Staying well away from the protests and teargas, a red London bus is touring the streets and Prince Andrew (the Queen's second son) is there to wave the British flag and shake a few hands.
Happily for Britain's arms manufacturers, this also coincides with the Bahrain Air Show which provides an ideal opportunity to display some of their wares. Britain is eager to sell Bahrain some Typhoon fighter jets, and is trying even harder now after a similar deal with the UAE collapsed last month.
Prince Andrew, of course, is well accustomed top hobnobbing with unsavoury regimes under the guise of promoting British businesses.
In 2010 he was heavily criticised over his dealings with Timur Kulibayev, the billionaire son-in-law of Kazakhstan's president. Following the revolution in Tunisia, he also entertained Sakhr el-Materi, ex-president Ben Ali's corrupt son-in-law, to lunch at Buckingham Palace.
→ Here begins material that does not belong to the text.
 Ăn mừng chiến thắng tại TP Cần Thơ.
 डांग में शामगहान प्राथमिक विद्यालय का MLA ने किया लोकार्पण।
In private remarks during a visit to Kyrgyzstan (documented by WikiLeaks) the prince denounced the work of Britain's Serious Fraud Office and accused investigative journalists of "almost scuttling" the notorious al-Yamama arms deal with Saudi Arabia.
Another aim of the "Great British Week" is to promote British fashion and according to the UK embassy a number of familiar high street firms are taking part, including Debenhams, Mothercare, River Island, Topshop, Dorothy Perkins, Miss Selfridge, Evans, Wallis, Coast, Oasis, Warehouse and The Body Shop.
One of the "anchor activities" for the week, according to the embassy, is a "knowledge conference" supported by Brunel University in London. Bahrain's own efforts to promote "knowledge" have mainly focused on hiring expensive PR firms to improve the kingdom's sullied image and blocking visits by journalists who are likely to criticise.
Readers of this blog may also recall how Dr Kristian Ulrichsen of the London School of Economics was deported from the UAE (apparently at Bahrain's request) when he was scheduled to give a talk on "Bahrain’s Uprising: Domestic Implications and Regional and International Perspectives".
Meanwhile, Human Rights Watch this week accused the British government of double standards in its approach to human rights in Bahrain. HRW points out, for example, that Britain has called for the release of high-profile activists in Burma but "has refused to call publicly for the release of prominent Bahraini rights activist Nabeel Rajab or other political prisoners, convicted in manifestly unfair trials, on charges solely related to crimes of speech and peaceful assembly".